- Born: November 22, 1962 (age 63) Bashkortostan, Russia
- Citizenship: Russia
- Detained at: Guantanamo
- Other name: Ravil Gumarov
- ISN: 203
- Charge: No charge (held in extrajudicial detention)
- Status: Repatriated

= Ravil Shafeyavich Gumarov =

Russian former Guantanamo Bay detainee (born 1962)

Ravil Gumarov is a Russian citizen who is alleged to have ties to terrorism.

Gumarov was one of eight Russians held by the United States in extrajudicial detention in the Guantanamo Bay detention camps, in Cuba.
His Guantanamo Internment Serial Number was 203.
The Department of Defense reports Gumaraov was born on November 22, 1962, in Gushva, Russia

He was repatriated to Russian custody, cleared, then released.
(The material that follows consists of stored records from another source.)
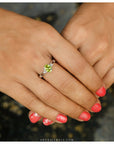 buy silver ring, sterling silver ring, buy peridot ring, peridot jewelry, green ring
Silver 925 Peridot & Diamond Ring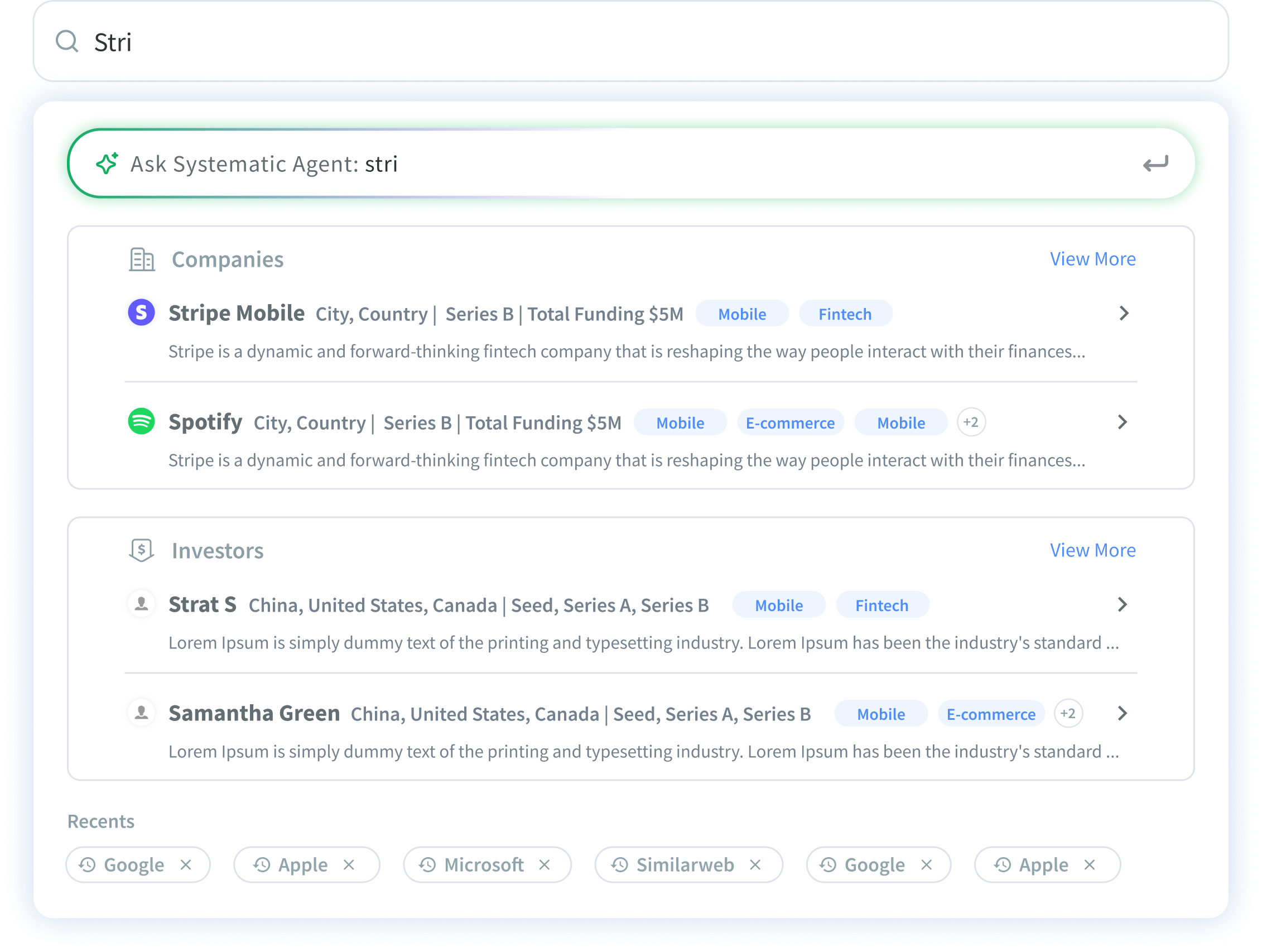 Search entry screen with Ask Systematic Answers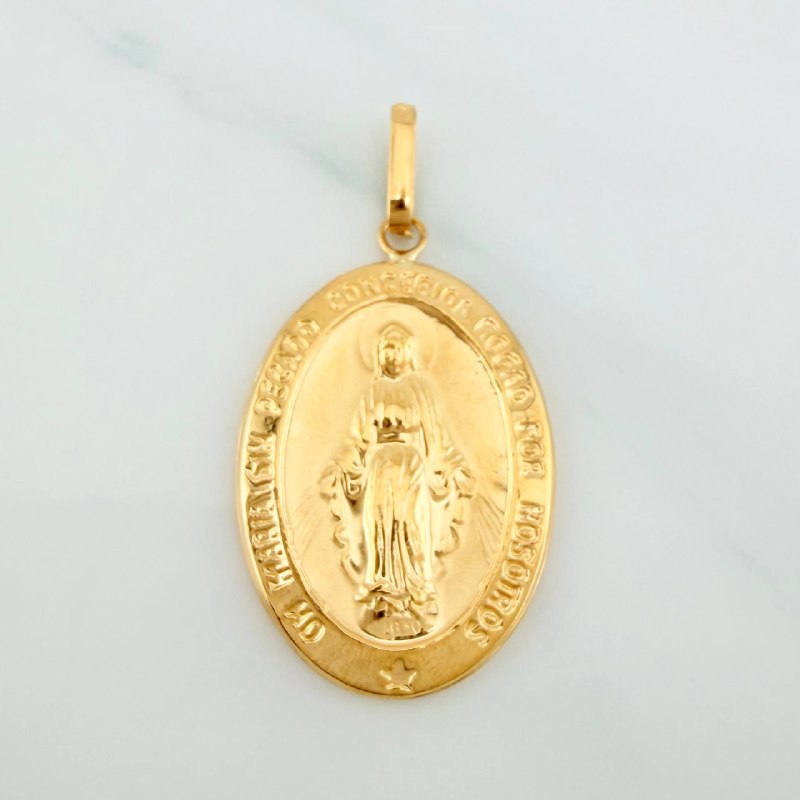 Pendant Miraculous Virgin 3.05 g / 1 3/4 in 18K Yellow Gold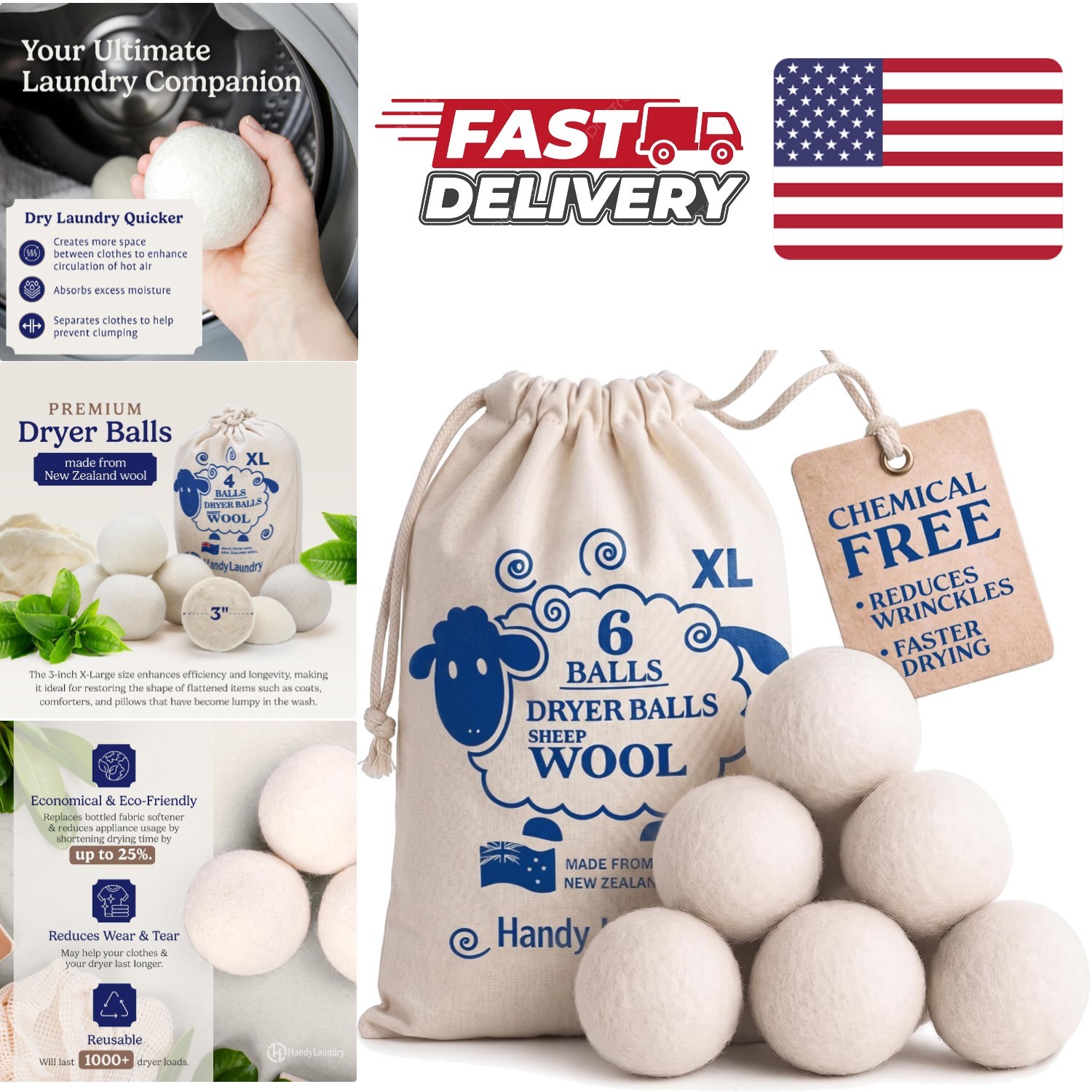100 Percent New Zealand Wool Dryer Balls Pack of 6 Eco Friendly Laundry Solution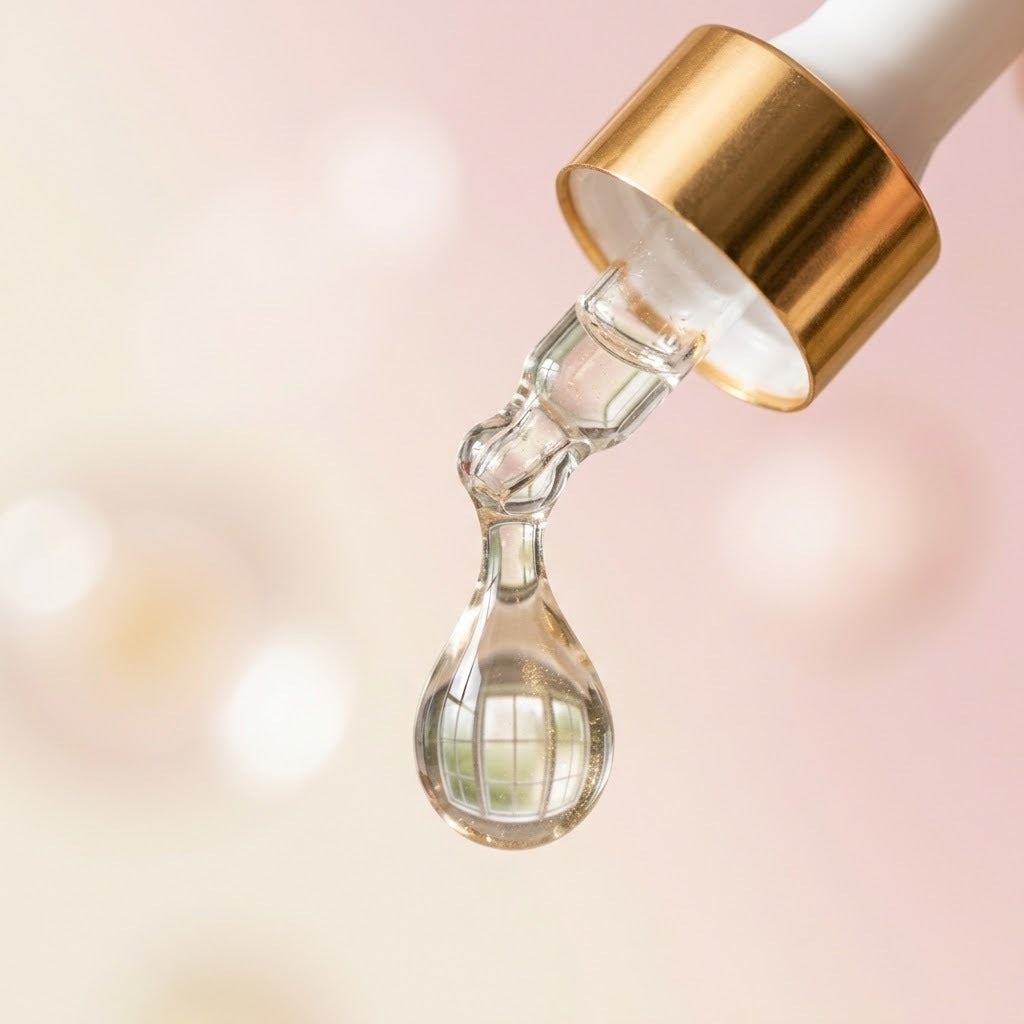 Gota de sérum cayendo del cuentagotas dorado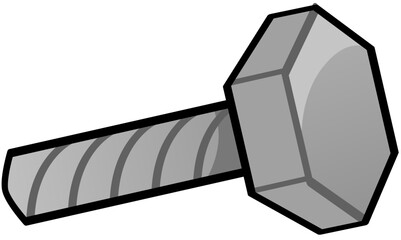 Bolt Hex Head Metal Screw Industrial Illustration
He was subsequently rearrested for suspicion of an act of sabotage. Gumarov, fellow Guantanamo detainee Timur Ishmuratov
and Fanis Shaikhutdinov were convicted of bombing a natural gas pipeline on May 9, 2006.
Gumarov has been described as a failed businessman from Sverdlovsk who is alleged to have had military training in Chechnya.

==Defense Intelligence Agency claims he "returned to terrorism"==

The Defense Intelligence Agency asserted Ravil Shafeyavich Gumarov had "returned to terrorism".
The DIA reported:
Ravil Shafeyavich Gumarov and Timur Ravilich Ishmurat were transferred to Russia in March 2004 and quickly released. Russian authorities arrested them in January 2005 for involvement in a gas line bombing. In May 2006 a Russian court convicted both, sentencing Gumarov to 13 years in prison and Ishmurat to 11 years.